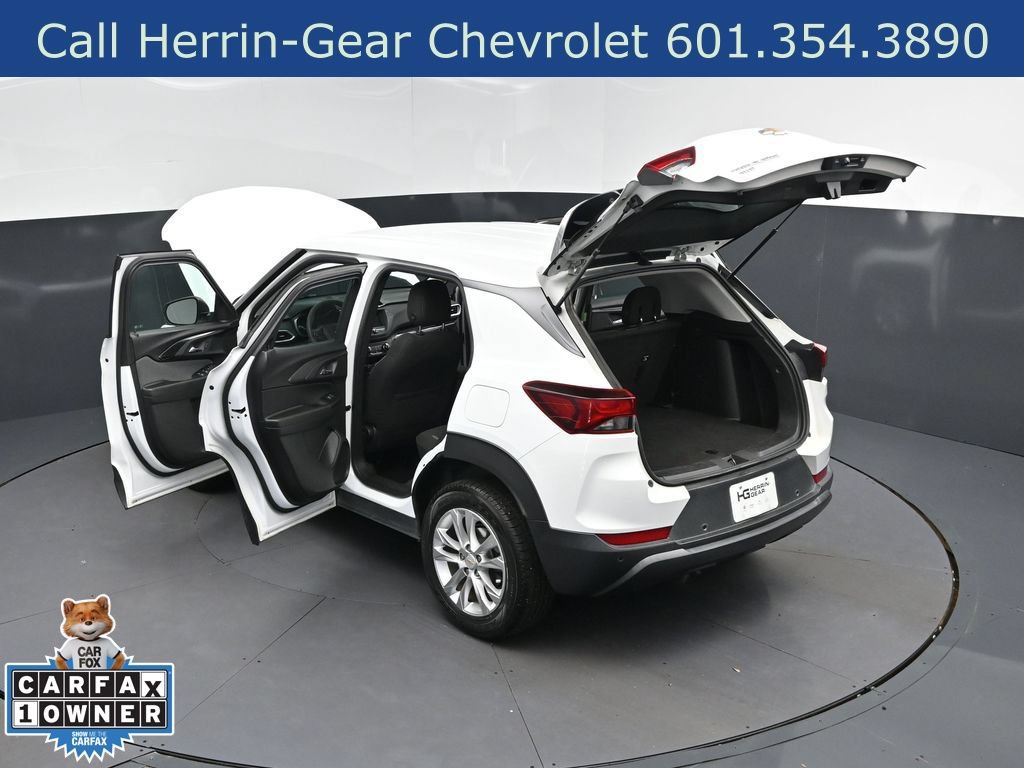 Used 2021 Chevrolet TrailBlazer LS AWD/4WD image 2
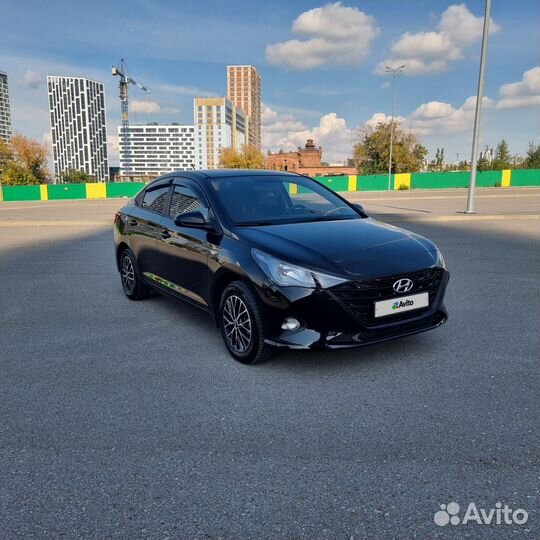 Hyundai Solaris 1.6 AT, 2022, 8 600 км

-*-

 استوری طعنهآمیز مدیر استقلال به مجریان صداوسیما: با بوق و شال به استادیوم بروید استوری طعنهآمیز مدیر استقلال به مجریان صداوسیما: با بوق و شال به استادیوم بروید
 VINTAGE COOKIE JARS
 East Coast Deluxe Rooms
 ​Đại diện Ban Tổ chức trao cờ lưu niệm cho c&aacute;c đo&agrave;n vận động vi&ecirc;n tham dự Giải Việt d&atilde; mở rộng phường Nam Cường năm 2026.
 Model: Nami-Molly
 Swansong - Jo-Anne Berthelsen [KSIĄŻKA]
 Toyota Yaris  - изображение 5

-*-

- _Assigned task_
Make an exact copy of the lines above, beginning with the line with "Used 2021 Chevrolet" and ending with the line with "Hyundai Solaris 1.6 AT, 2022, 8 600 км", and keep the pictures out of it.

- _Output for this exercise_
 Used 2021 Chevrolet TrailBlazer LS AWD/4WD image 2
 Hyundai Solaris 1.6 AT, 2022, 8 600 км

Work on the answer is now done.